Of course Aolyn wasn’t trying to eavesdrop, but he was a god standing within a domain thick with his worship. He sensed everything around him whether he wanted to or not, including the [Tier V] [Daemon of Eyes] flying down the halls toward him.
He waved his hand and set up a quick silence ward so as to not disturb the two within the chamber, and then turned to wave at the approaching column of eyes, limbs, mouths, and wings that appeared around the corner.
“Hello Eurymedon,” he said. “Nice to meet you. I’m—“
“DIE, LUNAR SCUM!”
Aolyn glanced down at the stylized moons on his borrowed robes and realized that perhaps it would have been a good idea to change clothes before coming here.
Before he could explain, his follower tackled him with all their might. He allowed himself to be carried by the blow, worried that he might otherwise kill the Daemon.
“Eurymedon, please. I’m not—“
“Liar!” A [Soul Rend] infused bone knife stabbed out from one of Eurymedon’s mouths, aiming for his neck.

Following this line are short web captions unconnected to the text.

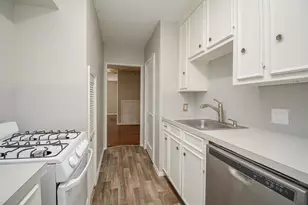 2718 Wroxton Rd, Houston, TX 77005 - Photo 17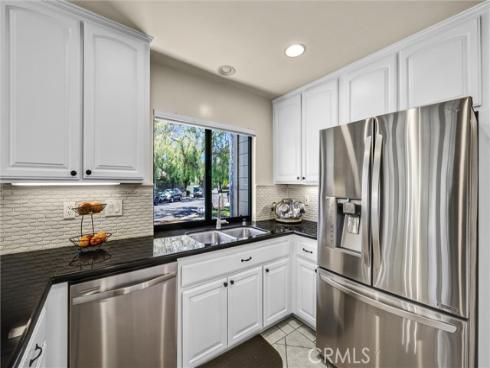 49 Pinewood , Irvine, CA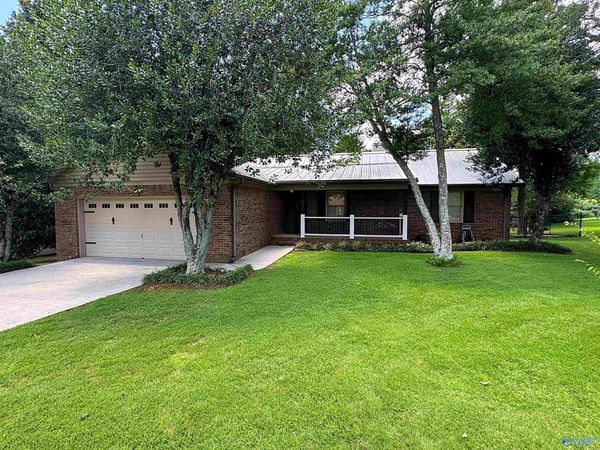 817 Crestview Drive, Madison, AL 35758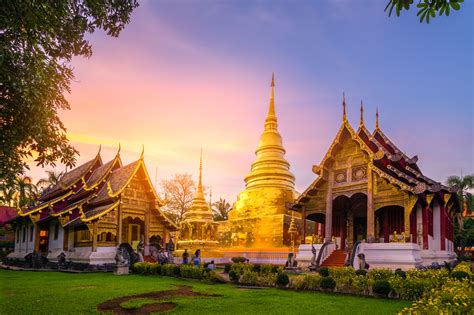 Wat Klang Nam Chiang Mai: A Gleaming Temple Complex Where Serenity Meets Splendor!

If the blow landed, Eurymedon’s soul would shatter from the recoil.
He tried to send Eurymedon mental nudges to stop attacking, but he was no god of the mind, and Eurymedon was almost entirely immune to mental influence.
With limbs wrapped up in Eurymedon’s tackle, he had no choice but to catch the bony tongue-blade with his own mouth. Eurymedon tried to force the soul-destroying blade deeper into his mouth and through his skull, but he clamped down with his lips, holding the Daemon back from building momentum that could prove deadly to them.

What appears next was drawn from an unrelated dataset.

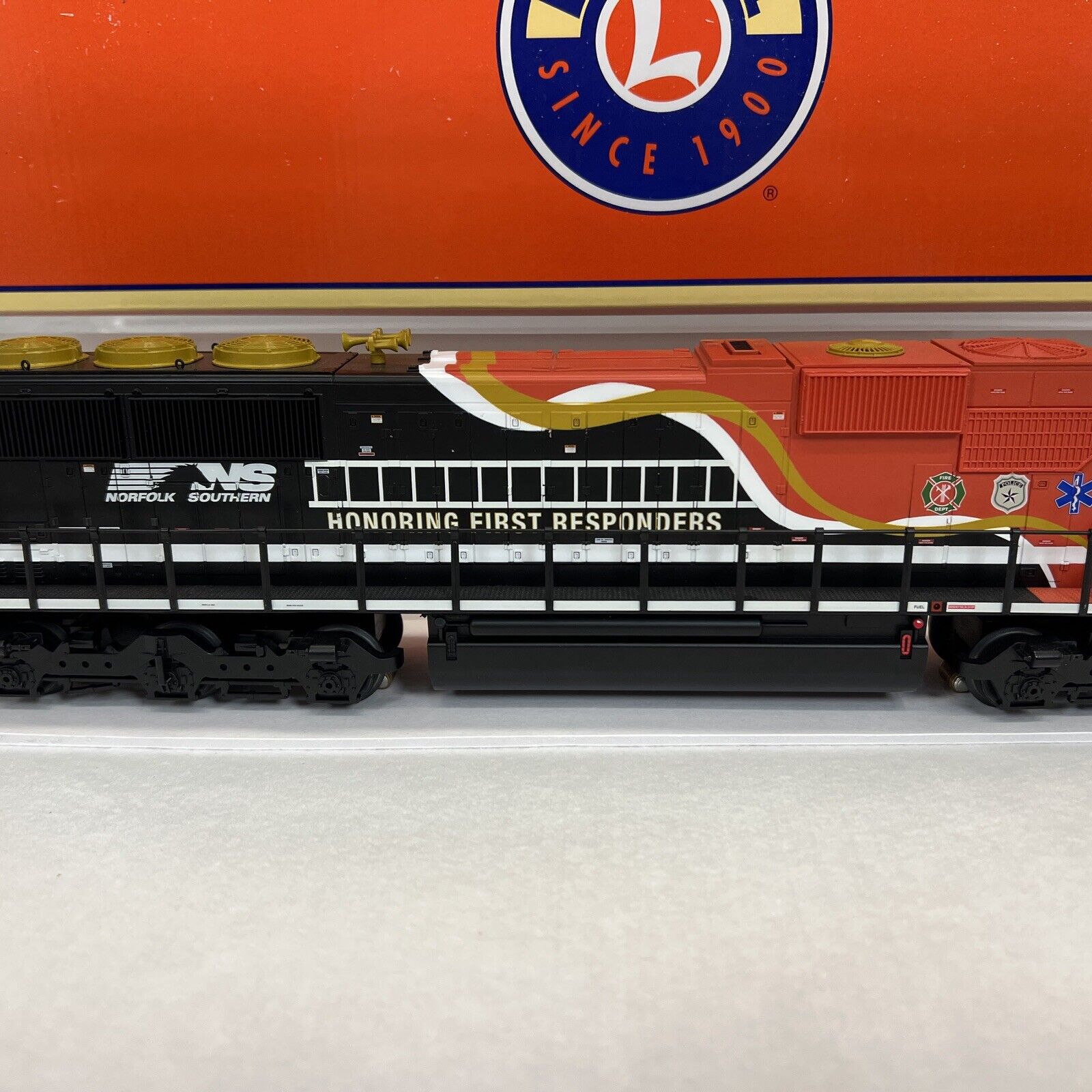 Picture 4 of 19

While he was thinking about how to deescalate the situation, the two of them crashed through the doors of the ritual chamber in a tangle of limbs, shattering the silence ward. They each struggled and wriggled against the other until—
“What are you two doing?”
The two of them froze at the sound of Melpomene’s voice.

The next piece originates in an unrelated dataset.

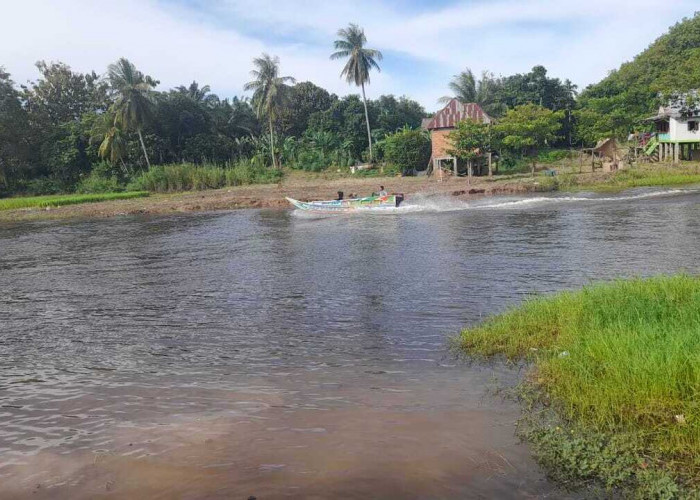 Speed Boat Terbalik Dihantam Ombak di Sungai Lubuk Sakti, Ini Yang Terjadi Pada Penumpang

Aolyn already knew what was happening within the room, but he turned to look out of habit. Melpomene was standing behind Morgan, one hand resting on the other woman’s back. Her hand still thrummed with the energies of soul and life as she stimulated the [Dragonslayer]’s soul in hopes of awakening the ability to become a [Liege].
For some reason, Morgan’s face was red, and when she noticed he was looking at her, she turned away bashfully. He tried to open his mouth to ask what she was embarrassed about, but then remembered that he was holding Eurymedon’s tongue with his lips.
Then it hit him.
Melpomene flicked her eyes between their two tangled forms and sighed. “Eurymedon, I understand that sleeping with a god sounds fun… and Aolyn, I understand that my second-in-command is unreasonably attractive... but couldn’t you two fuck anywhere else?”